Govt urged to stop child marriages
Mental Health Promotion Advisory Council member Tan Sri Lee Lam Thye urged parents and guardians to not get children married in an attempt to “get rid of an economic burden”.

PETALING JAYA - There is an urgent need for the Government to review and amend laws to set the minimum age of marriage at 18 for all Malaysians, regardless of beliefs and without exception.

Mental Health Promotion Advisory Council member Tan Sri Lee Lam Thye said this legal revision was necessary to stop child marriages, which impose a great deal of pressure on mental health issues.

"Married children are not only denied the right to choose partners; they are also marginalised and subject to various religious, societal, political and cultural practices that fail to fulfil their basic human rights.

"They are also denied the appropriate childhood and adolescence, and this causes suffering in psychological well-being and empowerment.

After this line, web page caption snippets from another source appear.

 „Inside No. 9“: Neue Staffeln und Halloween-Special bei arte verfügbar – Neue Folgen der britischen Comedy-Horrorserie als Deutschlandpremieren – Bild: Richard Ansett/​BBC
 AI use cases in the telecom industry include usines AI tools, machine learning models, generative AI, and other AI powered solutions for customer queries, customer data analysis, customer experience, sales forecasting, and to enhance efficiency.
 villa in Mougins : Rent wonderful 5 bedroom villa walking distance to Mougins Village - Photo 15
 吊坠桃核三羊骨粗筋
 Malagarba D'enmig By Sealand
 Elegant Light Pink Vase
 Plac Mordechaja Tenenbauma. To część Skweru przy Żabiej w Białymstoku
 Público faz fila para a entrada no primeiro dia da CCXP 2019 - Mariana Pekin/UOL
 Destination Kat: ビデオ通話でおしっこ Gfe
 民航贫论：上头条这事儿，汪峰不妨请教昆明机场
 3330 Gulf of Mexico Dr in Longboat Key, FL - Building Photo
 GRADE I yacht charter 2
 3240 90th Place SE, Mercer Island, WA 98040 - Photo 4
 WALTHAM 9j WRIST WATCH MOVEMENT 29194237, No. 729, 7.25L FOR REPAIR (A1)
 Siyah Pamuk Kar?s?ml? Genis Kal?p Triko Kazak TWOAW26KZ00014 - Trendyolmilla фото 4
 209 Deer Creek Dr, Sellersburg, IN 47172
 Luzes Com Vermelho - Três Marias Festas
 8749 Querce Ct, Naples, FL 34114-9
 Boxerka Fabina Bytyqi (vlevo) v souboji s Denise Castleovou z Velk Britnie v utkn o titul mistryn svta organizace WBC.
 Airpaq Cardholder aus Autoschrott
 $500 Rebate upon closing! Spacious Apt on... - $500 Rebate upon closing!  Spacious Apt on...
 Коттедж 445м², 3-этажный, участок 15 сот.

"Many of them are also at risk of being exposed to domestic violence," he said in response to a report in Sunday Star, which highlighted the rising number of early marriages among Malaysians below 19, and the potential billions lost to the nation's economy if left unchecked.

In Malaysia, the legal minimum marriage age is 18 for non-Muslims and 16 for Muslims.

Muslims aged below 16 can marry with the consent of the Syariah Court, while non-Muslims between 16 and 18 years old can marry with parental consent and written permission from the state's Chief Minister or Mentri Besar.

"Policymakers need to voice out on this issue, while the Government needs to work on improving public awareness of the dangers of child marriage for the child's education and health.

"Couples intending to marry will need to learn mental health life skills, parenting and human relationship skills before they are ready, and children are definitely not ready for that life," said Lee.

He also raised the issue of early pregnancy that almost inevitably occurs among girls who marry before they are 18, and insisted that the girls were not mentally or physically capable of bearing children.

"Married girls are often forced to have sex, and they lack the knowledge to negotiate for safe sex and contraceptive practices, which puts them at risk of sexually transmitted diseases.

"If they get pregnant, they may have risk of complications in pregnancy and labour, like possible abortion, premature labour and intrauterine growth retardation," he added.

Lee also urged parents and guardians to not get children married in an attempt to "get rid of an economic burden", as the long-term effect was that the country would lose educated citizens with the potential to contribute to the nation's economic value.